An Economics of Justice and Charity
January 23, 2019 (418 words)
This Christmas I received a book as a present from one of my considerate children, who shall remain nameless. (But she knows who she is.) I have started reading this book from the beginning, which of course is what every author wants their readers to do.
But I have also already flipped to the final page, because I am impatient by nature and can’t wait to see how the story will turn out. What follows is the last, long paragraph from this year’s favorite Christmas present:
“Now if all this is true, then it applies to men whether as individuals or as groups. It is true that human beings are saved or damned as individuals. But as I pointed out already, we cannot ignore God’s law just because we are acting as part of a group. Pope Pius XI noted that our economic actions, ‘whether of society as a body or of individuals,’ must be linked to that hierarchy that has God as its apex. Catholics especially should try to make sure that the very structures of our communal and corporate organizations, from the state to the family and everything in between, will not hinder – and if possible even promote – the glory of God and the salvation of mankind.

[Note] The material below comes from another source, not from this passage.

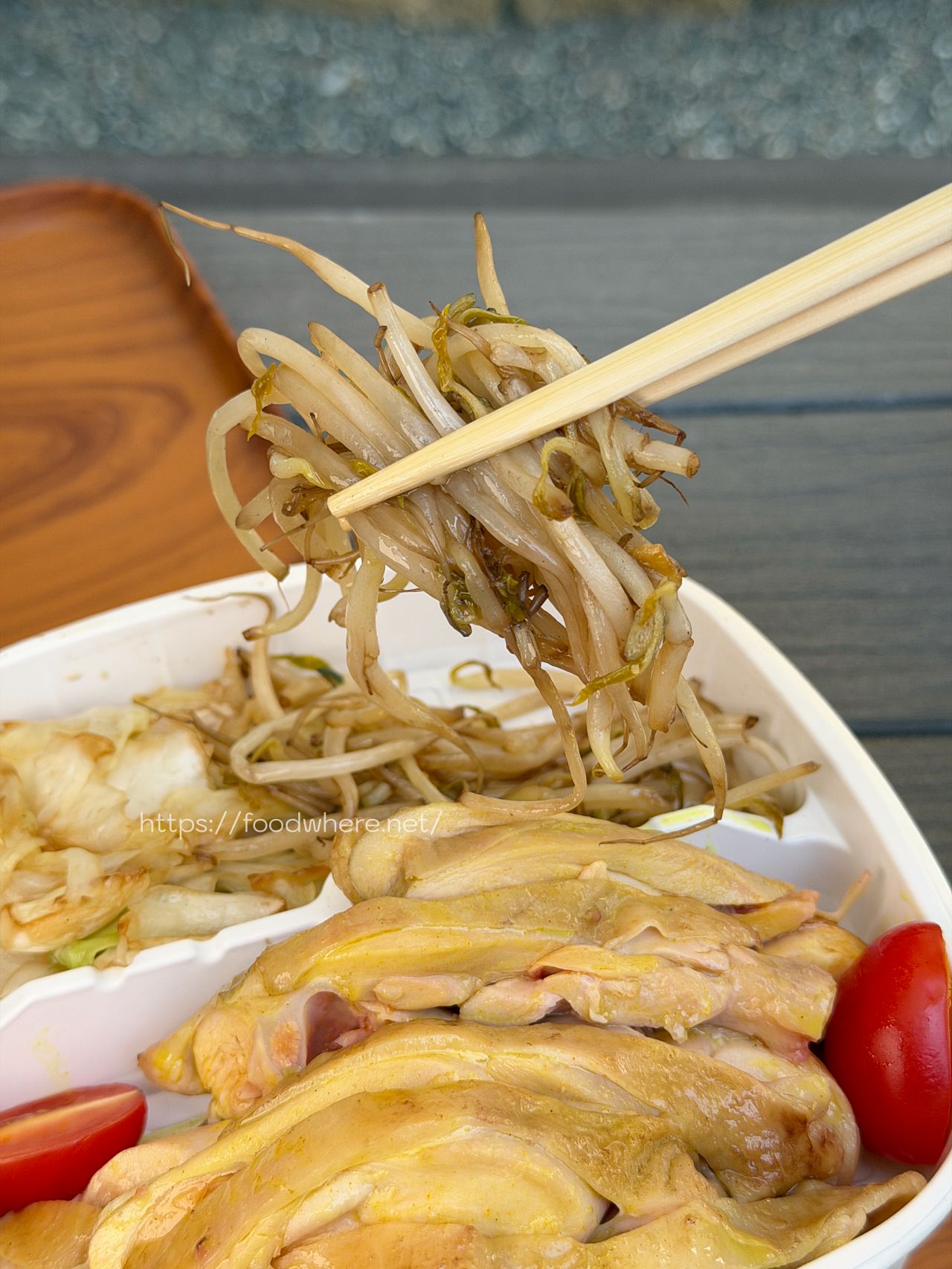 高雄鹽埕美食《雞飯子 海南雞專賣店 》嫩口海南雞配珍珠奶茶 @高雄美食底對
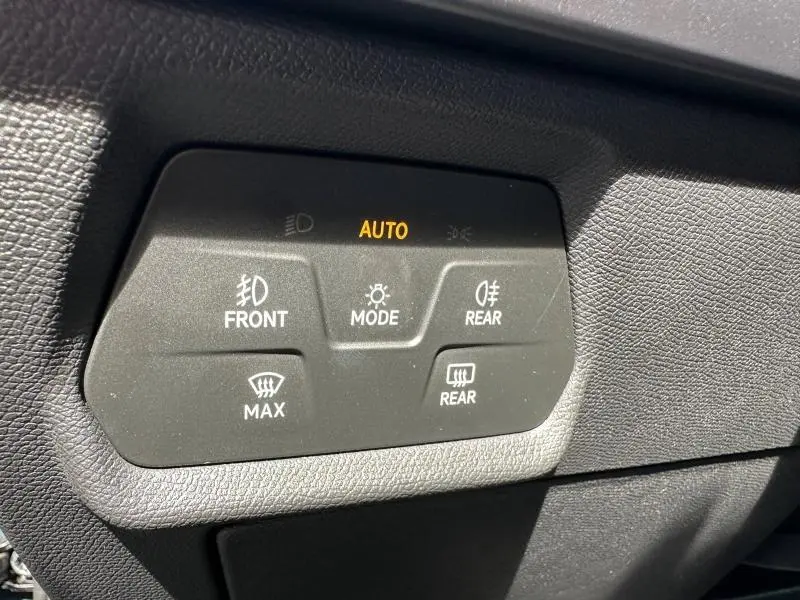 Gros plan sur les commandes d’éclairage du tableau de bord du CUPRA Formentor 2.0 TDI 150ch, avec indication AUTO allumée.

“The larger and more complex an organization is, the more we must take care that it does not begin to exist for itself alone, free from the rule of Jesus Christ. Many of the social encyclicals since Leo XIII devote much space to topics such as relations between employers and employees, between one industry and another, and between international trading partners – because the supreme pontiffs have always known that it is too easy for sin to enter into human affairs.
“Particularly in the modern world, we experience not just simple human sin anymore, but what John Paul II called ‘structures of sins’ – institutions and established patterns of behavior that embody, promote, and continue sin. As much as possible, we should try to set up ‘structures of virtue’ instead. Only in that way will the kingship that Jesus Christ holds over the human race be manifested in our conduct and in the conduct of nations and of all the institutions and associations that we use and enjoy in our pilgrimage to our true and eternal Fatherland.”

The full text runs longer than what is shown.